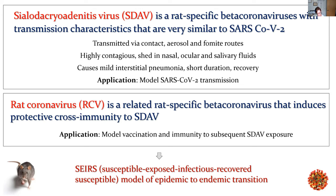It's not a great model of lung injury. However, it is a good model of transmission because all of the essential features of SARS-CoV-2 transmission are replicated in this virus. So we used SDAV to model transmission of SARS-CoV-2. We also used another rat coronavirus, also quite closely related, to model vaccination — the analogy here would be a live viral vaccination. Our intent for creating this data is to put it all into an SEIRS model, which is a mathematical model to model epidemic to endemic transition, which is what we're doing now. All I'm going to present today is the in vivo data.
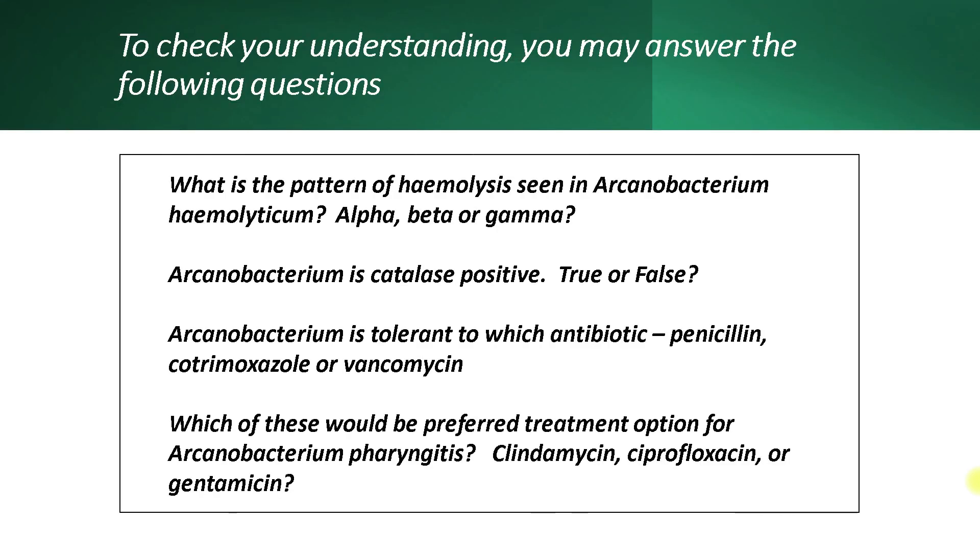To check your understanding, you may want to answer the following questions. 1. What is the pattern of hemolysis seen in Arcanobacterium hemolyticum — alpha, beta, or gamma? 2. Arcanobacterium is catalase positive — true or false? 3. Arcanobacterium is tolerant to which antibiotic — penicillin, cotrimoxazole, or vancomycin? 4. Which of these would be preferred in Arcanobacterium pharyngitis — clindamycin, ciprofloxacin, or gentamicin?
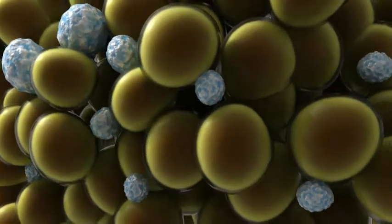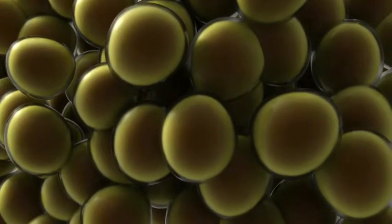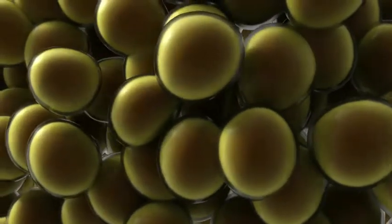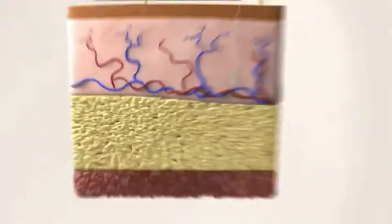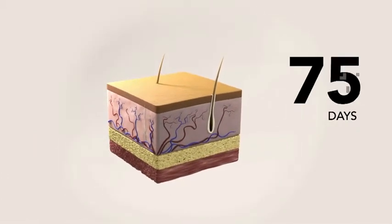Over the next few weeks and months, the fat cells shrink and begin to die as the patient's own body metabolizes them and naturally eliminates them. The overall fat layer is significantly reduced, which results in a noticeable and measurable reduction in the fat bulge around the targeted flank.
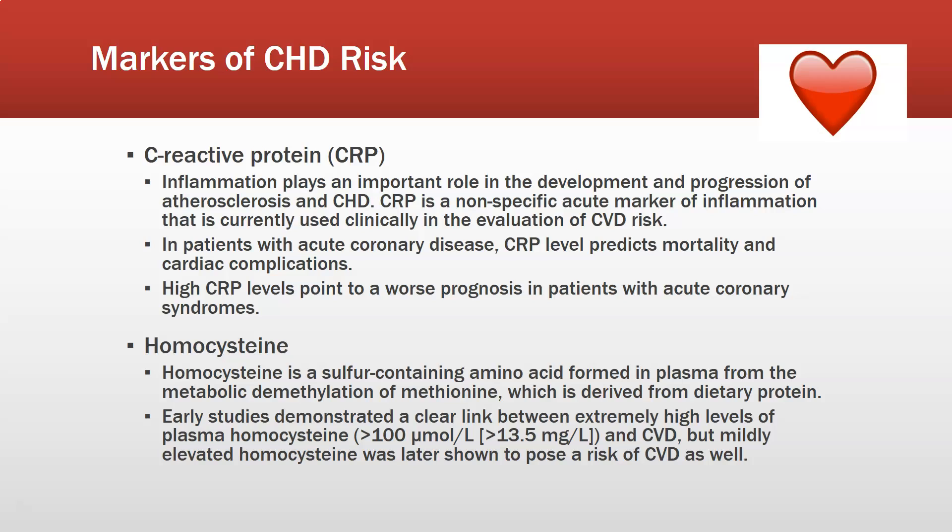High CRP levels point to a worse prognosis in patients with acute coronary syndromes. It is worth noting that because CRP is a non-specific marker of inflammation, if the patient has any other inflammatory process — like sinusitis or the flu — you would expect it to be elevated for those reasons. These markers are much better drawn when the patient is basically healthy and nothing else is going on.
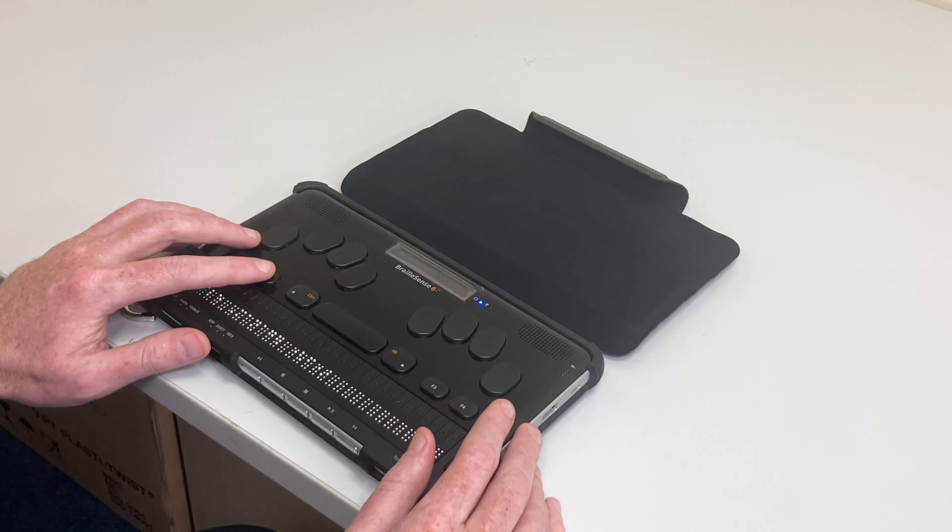The device comes in two flavours: with 32 cells, or the Mini with 20 braille cells. It has a traditional braille keyboard with additional function keys for extra navigation, control, and operation of menus.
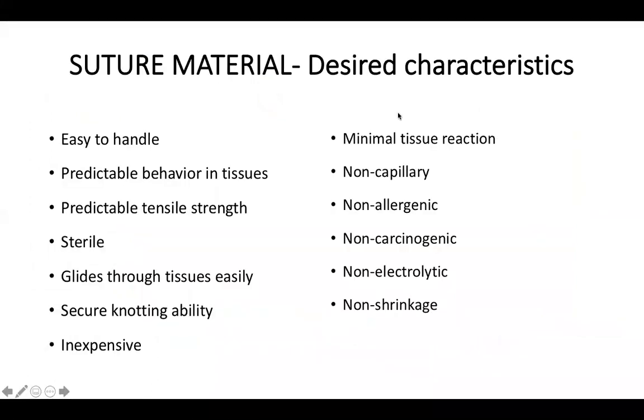An ideal suture material should be easy to handle, predictable in behavior and tensile strength, sterile, and glide through tissues easily without cutting. It should have good knotting ability, be inexpensive, and cause minimal tissue reaction. It should be non-capillary, non-allergenic, non-carcinogenic, non-electrolytic, and non-shrinkage. The capillary action of a suture is its ability to absorb body fluids, which leads to bacterial growth and eventually infection.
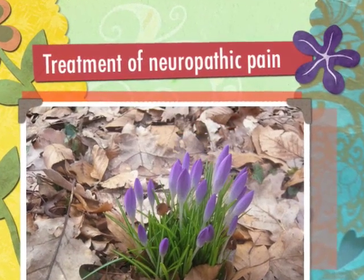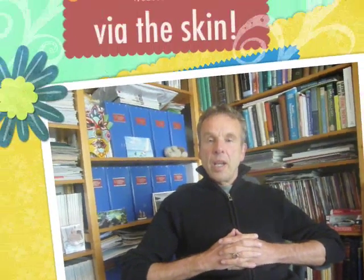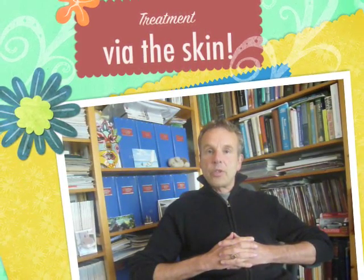Treatment of neuropathic pain in the pain center in Soest, the Netherlands. One of the treatment options for patients with painful neuropathy is very often forgotten. It is the treatment via the skin, or so-called transdermal route of application. There are a couple of extremely interesting creams which you can apply on, for instance, the feet of a patient suffering from diabetic painful neuropathy.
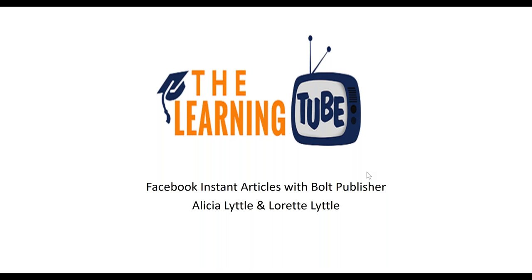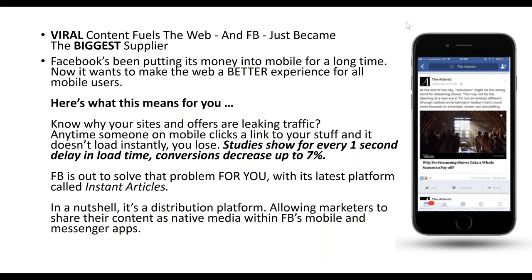Viral content fuels the web and Facebook is the biggest supplier of anything viral. Facebook has been putting money into mobile for a long time and now wants to make the web a better experience for mobile users. For those on this call, would you say you access Facebook majority of the time on your phone or on your computer? We're seeing a mix — mobile, computer, and depends.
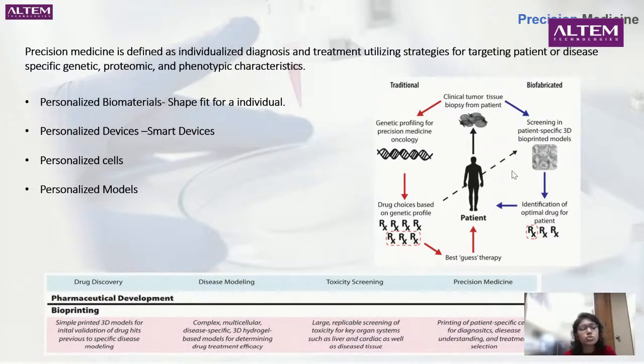The connection to drug discovery and drug toxicity screening is close. You have simple 3D printed models for initial validation of drug hits, and complex multicellular disease models using 3D hydrogel-based models for determining drug treatment efficacy. When you need a specific disease group to test on, you would use any disease model to replace testing on a human. 3D bioprinted models can really help in disease modeling, followed by toxicity screening — you can easily test drugs and see the impact on the liver, heart, or other body parts through microfluidic chips or 3D printed models. Precision medicine comes in when you print patient-specific cells for diagnosing diseases and treating specific conditions.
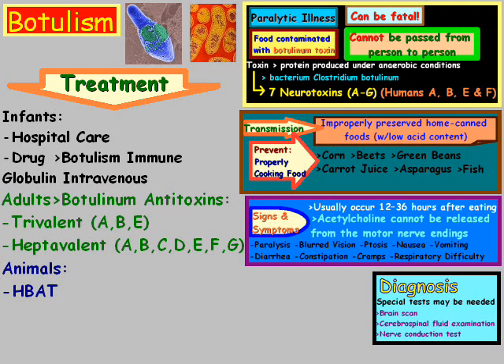Some of the side effects from HBAT can include headache, fever, chills, rash, itching, and possibly nausea. It could also possibly trigger allergic reactions for people that are sensitive to horse proteins. And that essentially is an overview of botulism.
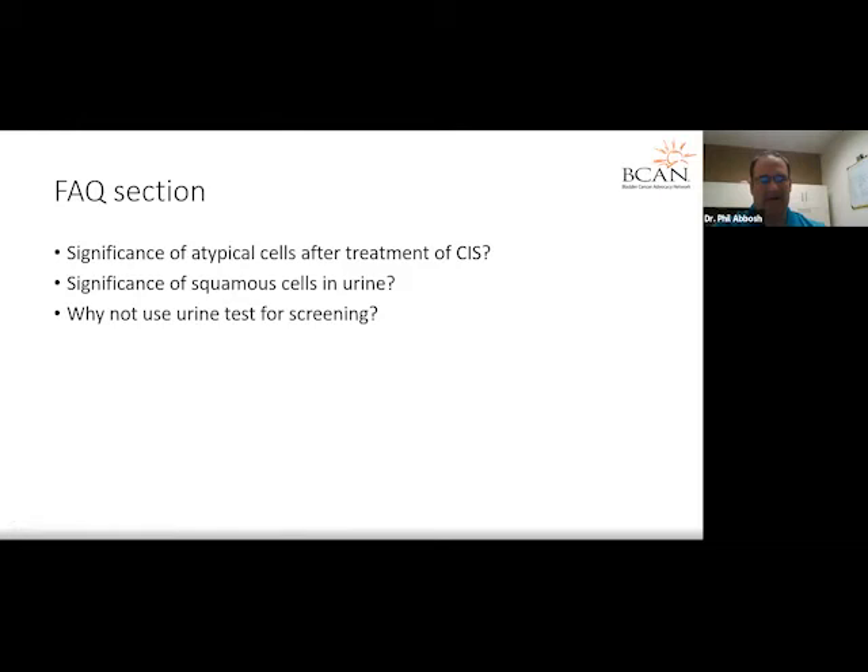When you give a urine sample at your doctor's office, they often give you a sanitary napkin to clean off the opening of your urethra. The point of doing that is to try to reduce the number of squamous cells in the urine sample, because as mentioned, they tend to be contaminants.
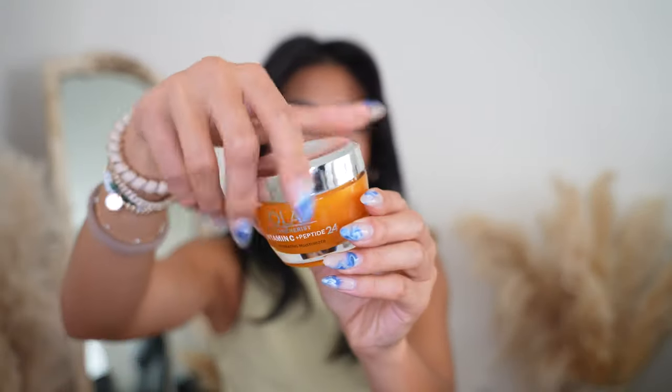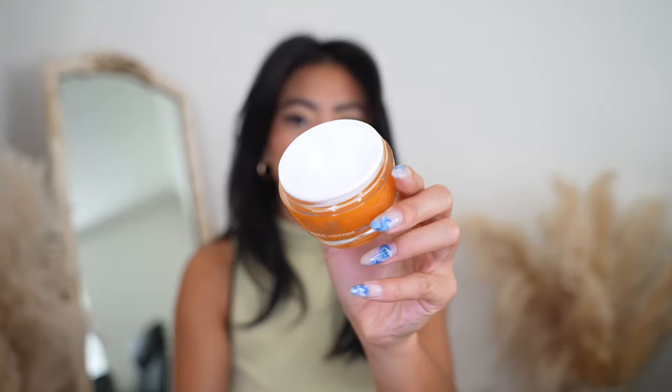The next product I want to talk about is the Olay Regenerist Vitamin C and Peptide 24 Hydrating Moisturizer. Like I said, I tried out this moisturizer for 28 days and I have been loving it. This moisturizer is so hydrating, so lightweight, and it contains vitamin C, niacinamide, peptide, and lactic acid, which is an AHA that really helps to smooth out the texture of your skin.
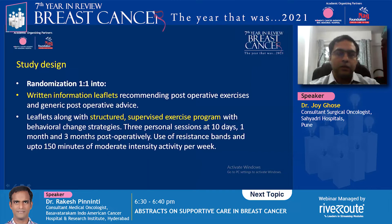Patients were randomized into usual care — written information leaflets recommending post-operative exercises and generic post-operative advice — or a structured supervised exercise program. The exercise program consisted of three personal sessions at 10 days, one month, and three months post-operatively, using resistance bands and up to 50 minutes of moderate intensity activity per week.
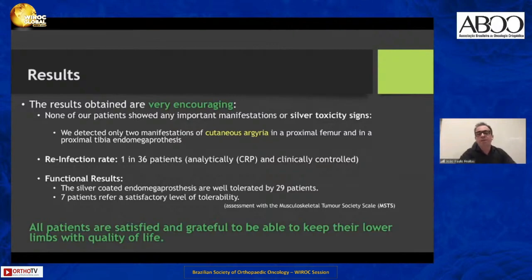In general, all our patients are satisfied and grateful to be able to keep their lower limbs with quality of life, allowing them to perform basic activities in their daily lives, such as walking, driving an adapted car, and other basic activities.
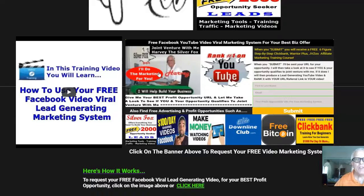Okay, Harvey the Silver Fox here. Now it's time to learn how to request your free YouTube video viral marketing system for your best biz offer, plus get access to all of these marketing tools and training videos.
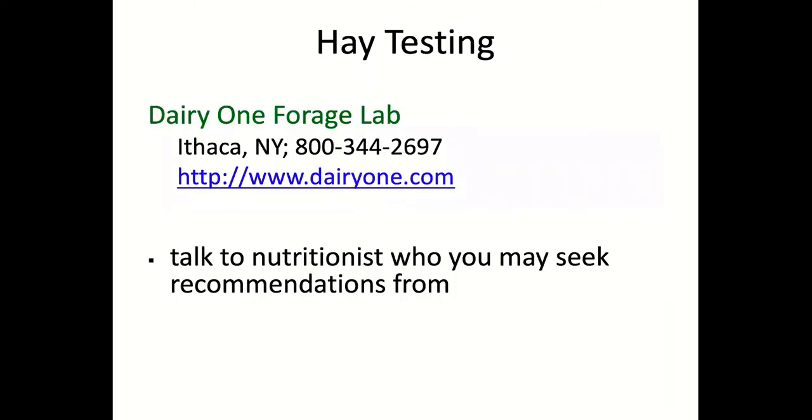When you test hay, it's critical to send it to a lab that can test for what you need. I send samples to the Dairy One Forage Lab in New York — they can give a good estimate of TDN and also check for heat damage if hay was rolled a little too wet, which ties up protein and reduces energy. Unfortunately, labs in Texas don't have the same procedures in place. Make sure you have a conversation with whoever you're seeking advice from to establish the right lab and right tests.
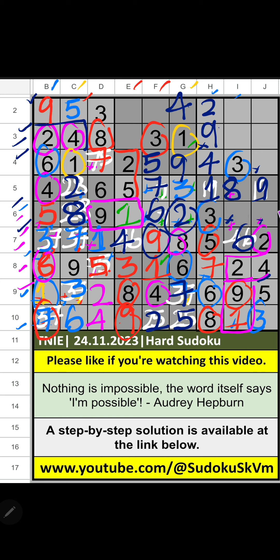Then 6th grid, two numbers are remaining: 4 and 7. Column J, we have 4. So, 4 can't come in the cell — 4 is confirmed here. Then 7 is here. Then column I, two numbers are remaining: 5 and 7. Second row, we have 5. So, 5 can't come in the cell — 5 is confirmed here. Then 7 is here. Column J and third grid, three numbers are remaining: 1, 6, 8. Fourth row, we have 1 and 6. So, 1 and 6 can't come in these cells — it will come in one of these cells. Third row, we have 1. So, 1 can't come in the cell — 1 is confirmed here. Then 6 is here. Then column J, third grid, and fourth row, only one number is remaining: 8. 8 is confirmed here. Then third row, only one number is remaining: 7. 7 is confirmed here.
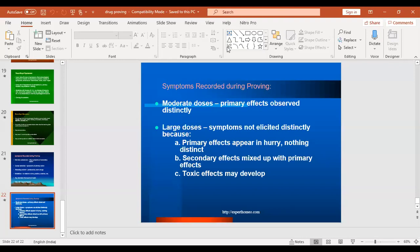If medicine is given in moderate doses, the primary action or primary effect is observed distinctly. If large doses are given, symptoms are not elicited distinctly — the primary and secondary actions cannot be separated, secondary effects mix with primary effects, and toxic effects may develop if the drug substance is toxic. This concludes the procedure of drug proving, combining aspects of the Homeopathic Pathogenetic Trial as well as the Hahnemannian method of drug proving.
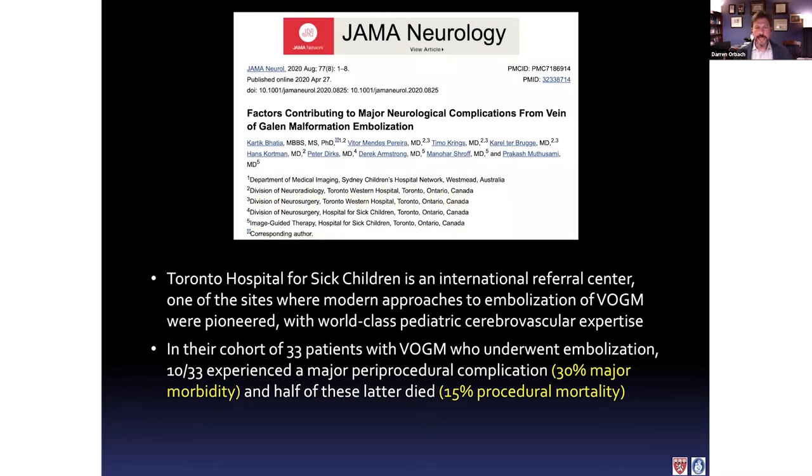Management of newborns is extremely difficult. I want to show this through a very honest paper published last year in JAMA Neurology, out of Toronto Sick Kids Hospital — a major international referral center for vein of Galen malformation. Karel Terbrugge, the senior neurointerventionalist there, really helped develop these embolization techniques along with Pierre Lasjaunias and Alex Berenstein — a very experienced and highly skilled team. They did an overview of 33 consecutive patients with vein of Galen malformation. For those who underwent embolization, about 30% had major morbidity, and half of those 30% actually died — a 15% mortality rate, which is very high compared to most major surgical procedures.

§ **Assignment**: Each line above from the one containing "The next product" through the one containing "In general, all" is to be returned verbatim. Nothing else, and no pictures.

§ **Exercise output**:
The next product I want to talk about is the Olay Regenerist Vitamin C and Peptide 24 Hydrating Moisturizer. Like I said, I tried out this moisturizer for 28 days and I have been loving it. This moisturizer is so hydrating, so lightweight, and it contains vitamin C, niacinamide, peptide, and lactic acid, which is an AHA that really helps to smooth out the texture of your skin.
Patients were randomized into usual care — written information leaflets recommending post-operative exercises and generic post-operative advice — or a structured supervised exercise program. The exercise program consisted of three personal sessions at 10 days, one month, and three months post-operatively, using resistance bands and up to 50 minutes of moderate intensity activity per week.
In general, all our patients are satisfied and grateful to be able to keep their lower limbs with quality of life, allowing them to perform basic activities in their daily lives, such as walking, driving an adapted car, and other basic activities.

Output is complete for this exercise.